- [WHAT IS BEING ASKED]:
Give back only the lines in the records below from the one with "Velourlederjersey schwarz 320gr/m2" to the one with "ARMANI COLLEZIONI フロントフリル ジャケット ウール混 40", both inclusive, word for word.

Records excerpted from a collection:
━━━━━━━━━━━━━━━━━━━━

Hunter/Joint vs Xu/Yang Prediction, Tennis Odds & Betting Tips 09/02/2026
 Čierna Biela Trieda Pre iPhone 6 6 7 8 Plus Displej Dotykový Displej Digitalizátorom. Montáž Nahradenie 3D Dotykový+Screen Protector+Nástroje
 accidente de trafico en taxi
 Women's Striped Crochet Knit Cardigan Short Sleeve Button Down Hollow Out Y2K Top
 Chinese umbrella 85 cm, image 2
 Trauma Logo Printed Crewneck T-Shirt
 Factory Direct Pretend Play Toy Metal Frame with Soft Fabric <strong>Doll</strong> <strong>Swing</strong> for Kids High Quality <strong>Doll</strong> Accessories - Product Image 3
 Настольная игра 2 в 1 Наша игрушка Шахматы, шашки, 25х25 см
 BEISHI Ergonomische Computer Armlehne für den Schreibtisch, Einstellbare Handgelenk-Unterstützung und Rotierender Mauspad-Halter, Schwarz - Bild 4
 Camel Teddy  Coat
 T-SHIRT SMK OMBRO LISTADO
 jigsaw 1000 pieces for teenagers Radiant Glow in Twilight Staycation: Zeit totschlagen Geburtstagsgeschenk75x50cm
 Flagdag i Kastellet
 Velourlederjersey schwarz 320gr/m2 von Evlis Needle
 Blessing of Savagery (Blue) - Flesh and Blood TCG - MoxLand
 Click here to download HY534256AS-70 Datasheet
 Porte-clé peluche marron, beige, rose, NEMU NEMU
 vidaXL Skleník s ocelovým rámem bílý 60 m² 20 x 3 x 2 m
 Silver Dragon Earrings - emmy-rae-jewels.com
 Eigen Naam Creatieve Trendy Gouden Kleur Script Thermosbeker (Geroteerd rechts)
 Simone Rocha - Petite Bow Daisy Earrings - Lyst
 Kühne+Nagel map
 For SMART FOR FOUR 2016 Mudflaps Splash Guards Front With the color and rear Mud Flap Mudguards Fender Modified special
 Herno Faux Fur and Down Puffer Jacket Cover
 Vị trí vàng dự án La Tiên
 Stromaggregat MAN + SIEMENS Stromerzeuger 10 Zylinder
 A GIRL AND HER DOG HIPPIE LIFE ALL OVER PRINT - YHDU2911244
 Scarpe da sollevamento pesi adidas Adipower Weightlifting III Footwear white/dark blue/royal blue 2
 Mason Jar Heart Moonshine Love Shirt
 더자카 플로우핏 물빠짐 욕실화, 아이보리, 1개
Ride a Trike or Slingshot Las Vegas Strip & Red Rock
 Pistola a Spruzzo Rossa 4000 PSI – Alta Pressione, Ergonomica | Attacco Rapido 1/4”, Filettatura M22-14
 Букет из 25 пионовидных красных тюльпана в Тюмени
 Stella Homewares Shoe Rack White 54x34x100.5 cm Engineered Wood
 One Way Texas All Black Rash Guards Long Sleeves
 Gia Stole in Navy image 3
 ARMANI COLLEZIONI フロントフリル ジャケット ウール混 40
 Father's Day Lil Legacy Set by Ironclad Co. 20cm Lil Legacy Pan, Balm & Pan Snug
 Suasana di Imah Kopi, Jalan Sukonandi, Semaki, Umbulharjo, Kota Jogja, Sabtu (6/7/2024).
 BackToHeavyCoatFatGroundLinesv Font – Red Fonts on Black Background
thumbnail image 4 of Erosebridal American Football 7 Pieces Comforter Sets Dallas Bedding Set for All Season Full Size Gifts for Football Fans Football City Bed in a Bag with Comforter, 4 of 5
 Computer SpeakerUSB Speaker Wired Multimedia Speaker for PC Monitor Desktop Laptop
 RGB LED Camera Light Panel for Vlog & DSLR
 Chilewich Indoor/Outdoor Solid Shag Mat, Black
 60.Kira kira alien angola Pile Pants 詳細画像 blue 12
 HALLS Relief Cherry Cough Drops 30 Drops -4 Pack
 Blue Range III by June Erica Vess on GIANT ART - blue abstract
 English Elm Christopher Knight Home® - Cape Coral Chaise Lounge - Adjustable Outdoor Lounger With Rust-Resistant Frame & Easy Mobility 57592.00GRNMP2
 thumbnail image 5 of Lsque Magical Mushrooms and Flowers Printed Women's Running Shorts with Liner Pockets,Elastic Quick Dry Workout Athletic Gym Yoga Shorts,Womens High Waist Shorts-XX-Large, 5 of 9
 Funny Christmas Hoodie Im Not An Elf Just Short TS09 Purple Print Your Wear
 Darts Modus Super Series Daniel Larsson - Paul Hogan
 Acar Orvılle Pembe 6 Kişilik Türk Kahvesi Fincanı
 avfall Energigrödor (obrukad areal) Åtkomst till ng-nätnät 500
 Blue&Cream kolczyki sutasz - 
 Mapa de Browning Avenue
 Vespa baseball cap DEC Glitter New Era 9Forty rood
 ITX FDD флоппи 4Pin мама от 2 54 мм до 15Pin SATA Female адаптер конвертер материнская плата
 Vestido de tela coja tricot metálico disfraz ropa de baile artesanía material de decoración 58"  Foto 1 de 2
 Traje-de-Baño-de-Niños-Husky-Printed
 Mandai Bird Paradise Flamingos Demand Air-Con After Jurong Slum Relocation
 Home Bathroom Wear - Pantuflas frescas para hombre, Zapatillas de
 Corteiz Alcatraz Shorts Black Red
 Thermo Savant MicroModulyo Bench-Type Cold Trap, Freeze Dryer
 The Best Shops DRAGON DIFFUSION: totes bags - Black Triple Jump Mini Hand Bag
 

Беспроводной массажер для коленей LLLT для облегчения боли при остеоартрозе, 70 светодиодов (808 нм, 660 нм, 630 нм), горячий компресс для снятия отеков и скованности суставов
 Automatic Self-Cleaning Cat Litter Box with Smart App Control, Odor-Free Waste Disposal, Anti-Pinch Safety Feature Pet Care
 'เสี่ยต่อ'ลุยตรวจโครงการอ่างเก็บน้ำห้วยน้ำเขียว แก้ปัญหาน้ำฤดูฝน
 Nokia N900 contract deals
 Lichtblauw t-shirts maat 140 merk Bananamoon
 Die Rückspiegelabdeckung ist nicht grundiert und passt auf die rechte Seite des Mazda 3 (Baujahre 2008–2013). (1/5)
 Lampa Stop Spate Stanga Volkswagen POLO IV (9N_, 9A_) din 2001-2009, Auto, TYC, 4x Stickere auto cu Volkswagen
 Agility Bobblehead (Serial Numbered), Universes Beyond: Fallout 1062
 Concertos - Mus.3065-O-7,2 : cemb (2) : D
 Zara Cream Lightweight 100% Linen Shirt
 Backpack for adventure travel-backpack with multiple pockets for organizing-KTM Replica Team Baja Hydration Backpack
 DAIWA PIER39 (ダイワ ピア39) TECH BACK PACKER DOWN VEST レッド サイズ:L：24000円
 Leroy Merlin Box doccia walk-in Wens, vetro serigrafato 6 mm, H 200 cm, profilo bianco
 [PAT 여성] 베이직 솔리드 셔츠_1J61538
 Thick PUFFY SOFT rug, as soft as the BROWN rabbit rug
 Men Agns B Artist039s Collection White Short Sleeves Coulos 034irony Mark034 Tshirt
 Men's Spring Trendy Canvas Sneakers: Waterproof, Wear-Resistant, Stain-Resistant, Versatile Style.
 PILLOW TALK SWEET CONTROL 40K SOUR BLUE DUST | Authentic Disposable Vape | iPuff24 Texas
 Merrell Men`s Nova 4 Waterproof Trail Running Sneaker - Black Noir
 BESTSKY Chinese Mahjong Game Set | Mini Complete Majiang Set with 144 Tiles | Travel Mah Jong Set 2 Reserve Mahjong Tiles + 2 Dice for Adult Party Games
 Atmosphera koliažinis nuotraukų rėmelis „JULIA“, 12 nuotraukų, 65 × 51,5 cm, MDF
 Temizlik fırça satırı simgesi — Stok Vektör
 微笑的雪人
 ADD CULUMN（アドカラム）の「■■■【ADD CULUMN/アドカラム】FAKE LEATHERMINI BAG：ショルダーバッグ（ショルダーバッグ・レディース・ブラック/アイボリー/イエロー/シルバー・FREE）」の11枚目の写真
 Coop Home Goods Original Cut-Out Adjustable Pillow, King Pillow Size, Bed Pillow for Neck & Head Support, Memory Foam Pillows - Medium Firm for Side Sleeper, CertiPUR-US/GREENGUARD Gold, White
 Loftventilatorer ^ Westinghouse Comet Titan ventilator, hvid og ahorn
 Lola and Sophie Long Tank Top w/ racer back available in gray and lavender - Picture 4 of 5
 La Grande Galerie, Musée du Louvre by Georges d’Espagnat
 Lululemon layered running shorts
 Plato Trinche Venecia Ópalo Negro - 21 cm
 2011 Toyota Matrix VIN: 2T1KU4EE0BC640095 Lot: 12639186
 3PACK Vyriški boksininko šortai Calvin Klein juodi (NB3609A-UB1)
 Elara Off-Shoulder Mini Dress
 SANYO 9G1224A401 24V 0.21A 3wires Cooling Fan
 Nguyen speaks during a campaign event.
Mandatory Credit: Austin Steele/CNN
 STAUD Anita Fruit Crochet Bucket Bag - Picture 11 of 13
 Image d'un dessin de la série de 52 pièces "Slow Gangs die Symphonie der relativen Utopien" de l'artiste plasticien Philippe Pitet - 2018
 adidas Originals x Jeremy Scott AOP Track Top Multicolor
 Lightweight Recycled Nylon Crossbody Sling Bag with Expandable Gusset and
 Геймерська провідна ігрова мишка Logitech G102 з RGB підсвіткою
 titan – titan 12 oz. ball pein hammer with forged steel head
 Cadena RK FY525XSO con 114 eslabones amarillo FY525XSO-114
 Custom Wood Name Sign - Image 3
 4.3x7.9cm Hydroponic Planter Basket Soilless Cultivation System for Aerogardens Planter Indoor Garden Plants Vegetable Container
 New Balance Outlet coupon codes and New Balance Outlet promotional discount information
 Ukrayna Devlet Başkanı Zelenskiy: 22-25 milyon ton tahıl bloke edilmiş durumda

━━━━━━━━━━━━━━━━━━━━

- [OUTPUT OF THE EXERCISE]:
 Velourlederjersey schwarz 320gr/m2 von Evlis Needle
 Blessing of Savagery (Blue) - Flesh and Blood TCG - MoxLand
 Click here to download HY534256AS-70 Datasheet
 Porte-clé peluche marron, beige, rose, NEMU NEMU
 vidaXL Skleník s ocelovým rámem bílý 60 m² 20 x 3 x 2 m
 Silver Dragon Earrings - emmy-rae-jewels.com
 Eigen Naam Creatieve Trendy Gouden Kleur Script Thermosbeker (Geroteerd rechts)
 Simone Rocha - Petite Bow Daisy Earrings - Lyst
 Kühne+Nagel map
 For SMART FOR FOUR 2016 Mudflaps Splash Guards Front With the color and rear Mud Flap Mudguards Fender Modified special
 Herno Faux Fur and Down Puffer Jacket Cover
 Vị trí vàng dự án La Tiên
 Stromaggregat MAN + SIEMENS Stromerzeuger 10 Zylinder
 A GIRL AND HER DOG HIPPIE LIFE ALL OVER PRINT - YHDU2911244
 Scarpe da sollevamento pesi adidas Adipower Weightlifting III Footwear white/dark blue/royal blue 2
 Mason Jar Heart Moonshine Love Shirt
 더자카 플로우핏 물빠짐 욕실화, 아이보리, 1개
Ride a Trike or Slingshot Las Vegas Strip & Red Rock
 Pistola a Spruzzo Rossa 4000 PSI – Alta Pressione, Ergonomica | Attacco Rapido 1/4”, Filettatura M22-14
 Букет из 25 пионовидных красных тюльпана в Тюмени
 Stella Homewares Shoe Rack White 54x34x100.5 cm Engineered Wood
 One Way Texas All Black Rash Guards Long Sleeves
 Gia Stole in Navy image 3
 ARMANI COLLEZIONI フロントフリル ジャケット ウール混 40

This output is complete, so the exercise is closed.